I haven't had time to post in weeks, or to write anything at all. Seriously, I haven't even written a lengthy email...and there are probably a few people who appreciate that.
My mother-in-law died on November 30th. Given that she had a chronic heart condition and congestive heart failure, her death was not a surprise, but it was still a shock. It took a couple weeks to get arrangements made. Hubby and I have never been a part of arranging anyone's funeral. There are a lot of decisions that needed to be made and sometimes we had no idea what my mother-in-law would want.
Let me take a moment to give a little public service announcement. Friends, let's be real here, everyone is going to die someday. It's not fun to talk about, but someday somebody is going to have to plan your funeral. I have two things to say on that point. 1. Funerals are for the living. Let your loved ones have one. 2. Tell those loved ones what you want done with your body. Have the organ donation conversation. Have the funeral vs. memorial and timing conversation. Tell your loved ones if you want it kept simple or extravagant. If you don't care, then tell them you don't care and they can do whatever makes them feel better. That's helpful information to have and you can only give this gift of information now.

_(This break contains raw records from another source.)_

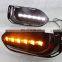 Car Spare Parts High Quality Modified Led Daylight Fog Lamp Cover for Fit/Jazz 2018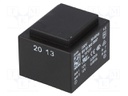 Transformer: encapsulated; 1.9VA; 230VAC; 12V; 12V; 79mA; 79mA; 81g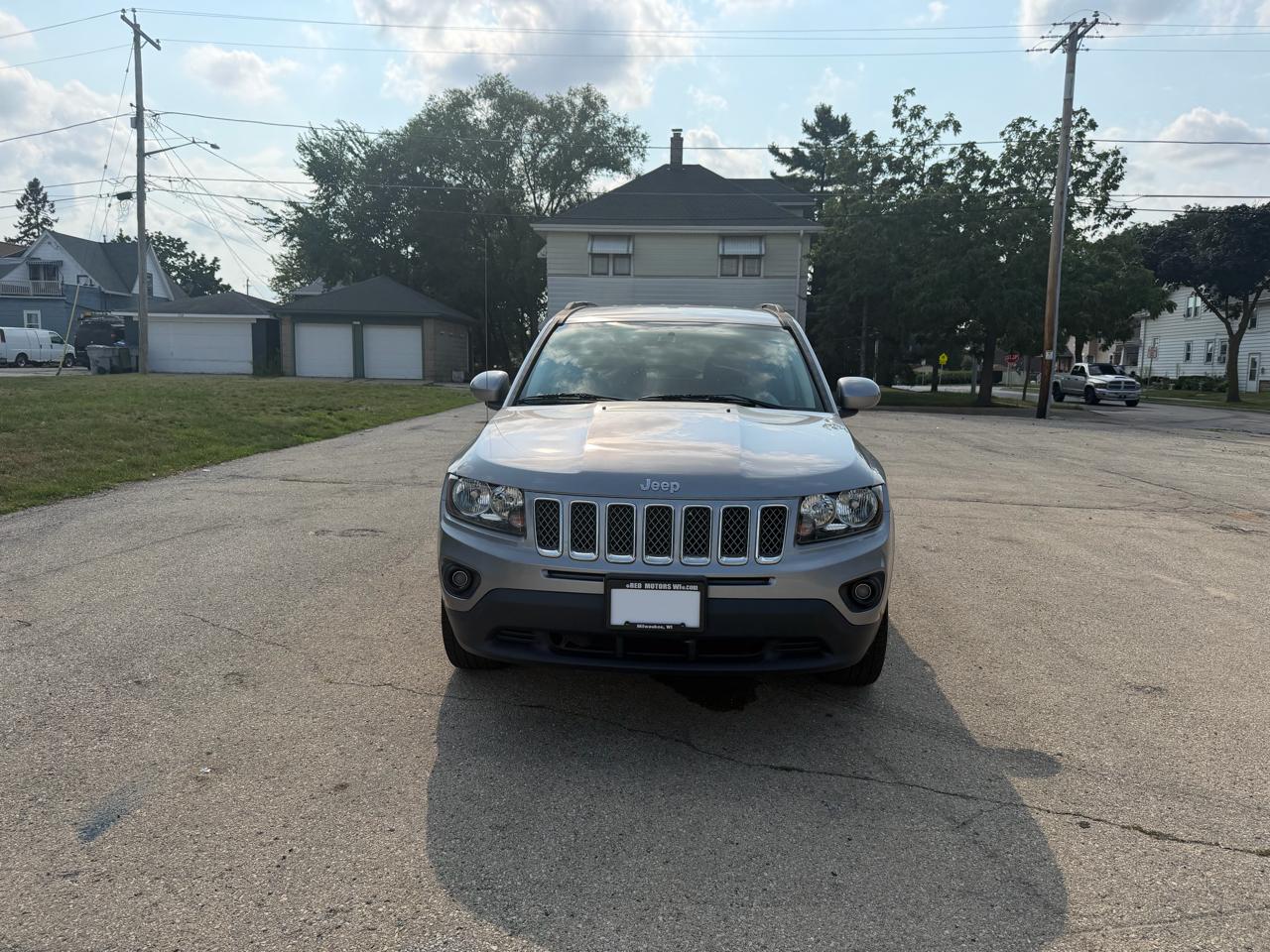 Jeep Compass Latitude 4WD 2017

Anyway, over the past couple weeks it became obvious my father-in-law,Jim, needs more care than the facility he was in could provide. Even while my mother-in-law was alive, she had to hire private nurses to help. We didn't want to move him so quickly after his wife's death, but it was necessary.

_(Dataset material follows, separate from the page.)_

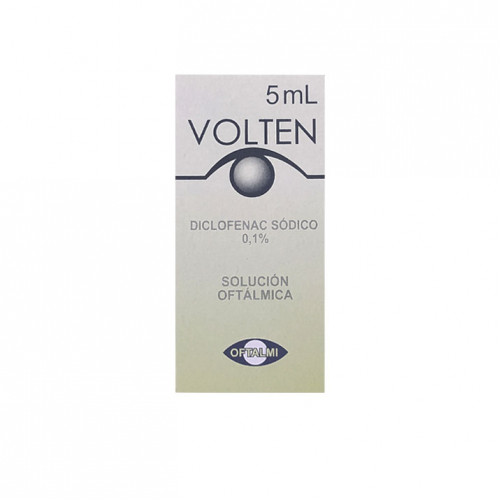 VOLTEN 0.1% SOLUCIÓN OFTÁLMICA 5ml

Years ago we toured an assisted living facility that is 10 minutes from our house. We loved it, but it wasn't a good fit at the time. We knew it was exactly what Jim needs now, but there were 10 people ahead of us on the wait list. A room came available last week. Amazingly, none of those people were ready to move right now. We are so glad we were able to get Jim into a safe situation and one that is much closer to our home.
There is still a lot of work to do. We have to move all of Jim's belongings to a storage unit. Then we have to settle the estate. I have no idea what that means or what it will take and now I'm going to type something I never thought I would mean, Thank God for lawyers. Then taxes...yeah, thank God for a local accountant we trust. Ugh, dying is expensive and complicated and all the work falls on those you leave behind.

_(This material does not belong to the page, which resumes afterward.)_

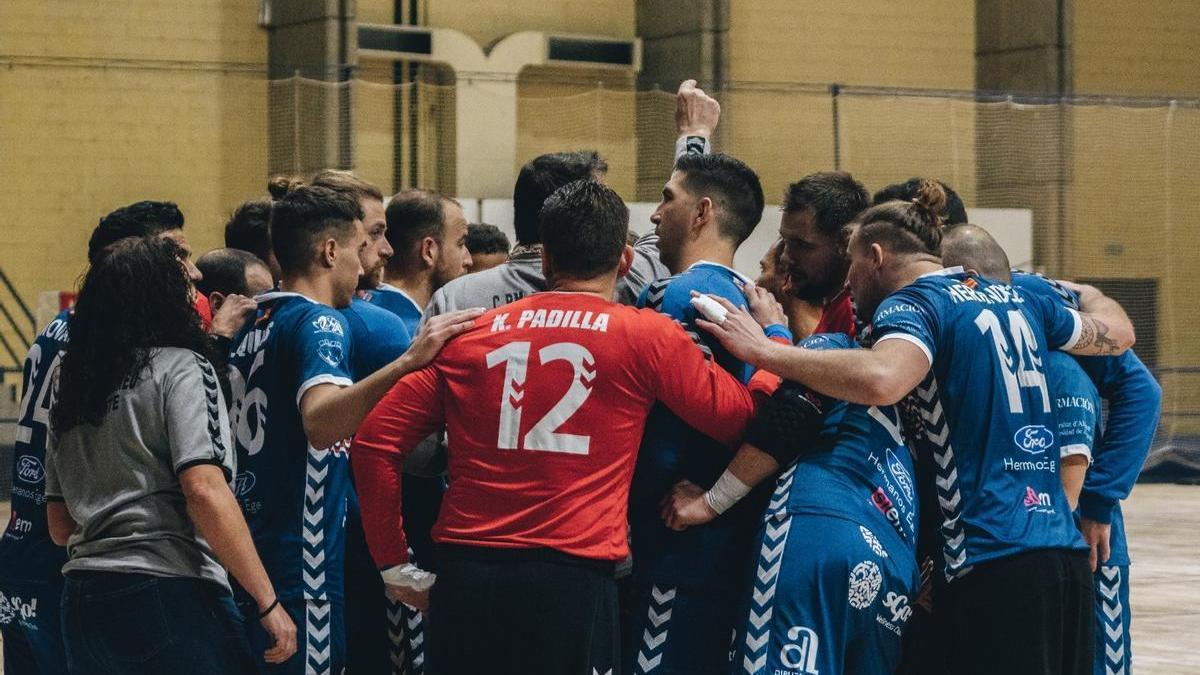 El Eón arranca la fase de ascenso a Asobal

There was one very good thing that happened the past few weeks. Sweet Pea is what I call a hands-on baby. She isn't a bad baby, or even incredibly unhappy, she simply needs lots of handling. I've frequently had to remind myself of something my mother said when baby Polar Bear would scream to be fed, "Someday those cries are going to turn into words." In the midst of all the stress, my little Sweet Pea said, "ma ma." Of course, within the same day she said, "nu" and clearly meant, "nurse." Not a surprise, given this little one believes she should always be attached to my breast. Regardless, hearing that sweet little voice say, "ma ma" was absolutely precious and just what I needed to lighten my heart in this difficult time.
Hopefully I will have time to write again soon.